Interpol warns of Carbon Trading Fraud

CARBON fraud is the white-collar crime of the future – and it could cost taxpayers millions.

BEN PACKHAM

June 12, 2009

As Australian companies prepare to trade in what is effectively thin air, climate criminals are cashing in on similar schemes overseas. Interpol has warned companies to beware of bogus “carbon credits” that fail to lower emissions.

And there are real questions over the ability of regulators to check if companies have met their emissions caps.

Carbon trading involves buying and selling the right to emit carbon dioxide.

Opposition climate change spokesman Greg Hunt said this left it open to widespread rorts.

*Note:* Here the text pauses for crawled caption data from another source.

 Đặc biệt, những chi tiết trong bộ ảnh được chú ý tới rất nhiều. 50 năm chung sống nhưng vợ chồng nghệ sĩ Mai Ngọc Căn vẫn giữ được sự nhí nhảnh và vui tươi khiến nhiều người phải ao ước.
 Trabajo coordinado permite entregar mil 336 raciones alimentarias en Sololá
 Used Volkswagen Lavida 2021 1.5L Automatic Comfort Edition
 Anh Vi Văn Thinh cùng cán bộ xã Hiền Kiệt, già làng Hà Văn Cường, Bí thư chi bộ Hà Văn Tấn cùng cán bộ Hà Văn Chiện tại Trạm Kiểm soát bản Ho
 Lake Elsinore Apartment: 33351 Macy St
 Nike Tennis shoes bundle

“Under the Government’s current scheme, there are significant possibilities for carbon fraud,” Mr Hunt said.

“It will be more complex than the tax system and reliant on much more self-reporting.”

He said it was unclear how the scheme would be applied to the 60 different industrial sectors to be included.

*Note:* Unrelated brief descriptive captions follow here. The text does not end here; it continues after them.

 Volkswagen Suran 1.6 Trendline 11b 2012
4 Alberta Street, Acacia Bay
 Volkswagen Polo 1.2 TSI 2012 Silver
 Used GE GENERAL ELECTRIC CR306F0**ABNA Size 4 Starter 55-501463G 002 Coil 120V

Climate Change Minister Penny Wong’s office said a new, 300-strong regulatory authority would monitor the new scheme.

This is tiny in comparison to similar regulatory bodies, such as the Australian Securities and Investment Commission, which has 1669 staff.

“The assessment system for liability under the Carbon Pollution Reduction Scheme is like submitting an income tax return,” Ms Wong’s spokeswoman said.

“If liable entities do not report or the authority has reason to believe that the report is false, then the authority may investigate and assess the entity’s liability under the scheme.”

Interpol environmental crimes specialist Peter Younger said the carbon market would be irresistible to criminal gangs.

“In future, if you are running a factory and you desperately need credits to offset your emissions, there will be someone who can make that happen,” Mr Younger said.

“Absolutely, organised crime will be involved.”

Australia’s emissions trading scheme will allow companies to offset their emissions by buying “avoided deforestation credits”.

This will involve paying overseas nations to save their forests, rather than log them.

Meanwhile, a frustrated Senator Wong yesterday told the Victorian farmers their State Government had been offered cash to improve irrigation but the Brumby Government had not yet provided plans on how it would be spent.

Addressing the Victorian Farmers Federation AGM yesterday, Senator Wong said $1.1 billion had been committed to the Victorian Government’s plans for irrigation modernisation in northern Victoria.

“My department is yet to receive a project proposal from the Victorian Government. Obviously this means we have not been able to spend any State Priority Project funds in Victoria this financial year,” she said.